Three-dimensional ordered meso-macroporous La_0.7Sr_0.3Fe_0.5Co_0.5O₃ (3DOM LSFCO)-supported Co₃O₄ catalysts were designed and prepared via a PMMA-templating strategy for the total oxidation of 1,2-dichloroethane (1,2-DCE). The physicochemical properties of all synthesized samples were characterized by XRD, FE-SEM, TEM, HAADF-STEM, low-temperature N₂ sorption, XPS, H₂-TPR, and in situ FT-IR. The introduction of Co₃O₄ increases the generation rate of oxygen vacancy, playing a crucial role in adsorption and activation of oxygen species.

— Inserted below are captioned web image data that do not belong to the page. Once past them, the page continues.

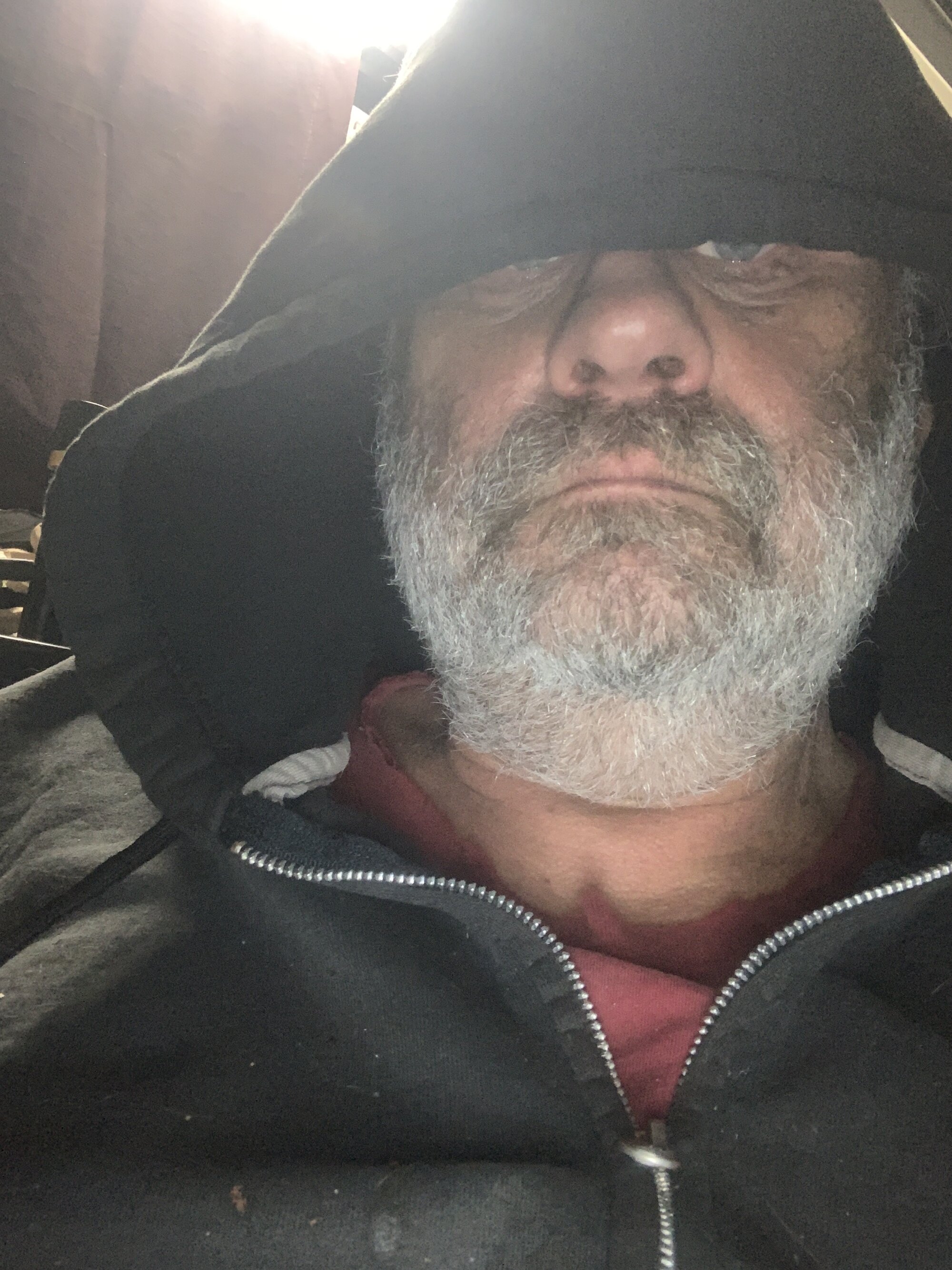 wackdaddy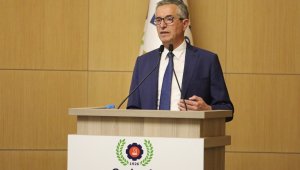 Başkan Arda: Ayakları yere basan bir belediye oluşturduk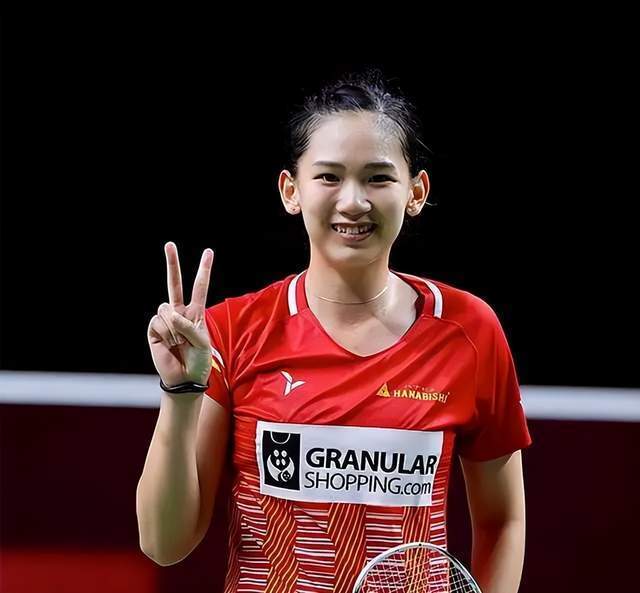 队的必备要 队的必备要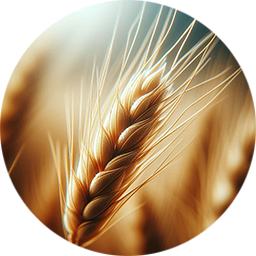 Grains.png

The special 3DOM structure of perovskite-type oxide promotes 1,2-DCE molecules to effectively and intimately contact with the surface adsorbed oxygen over supported catalysts and further accelerates the redox process. Compared with pure LSFCO, all the Co₃O₄ supported catalysts show superior catalytic performance with reaction rate increases from 5.53 × 10⁻¹² to 2.29 × 10⁻¹¹ mol g⁻¹ s⁻¹ and E_a decreases from 74.7 to 22.6 KJ mol⁻¹. Amongst, the 10Co₃O₄/3DOM LSFCO catalyst exhibits the best catalytic activity, highest resistance to chlorine poisoning and lowest by-products concentration because of the largest amount of surface adsorbed oxygen. CO₂, CO, HCl, and Cl₂ are the main oxidation productions, while some typical reaction intermediates such as vinyl chloride, 1,1,2-trichloroethane and trichloroethylene are also observed, especially over the 3DOM LSFCO sample. Furthermore, the reaction mechanism of 1,2-DCE oxidation over obtained catalysts was proposed based on the results of gas chromatography, in situ FT-IR, and on-line MS. It is believed that the Co₃O₄/3DOM LSFCO are promising catalysts for the total removal of chlorinated volatile organic compounds.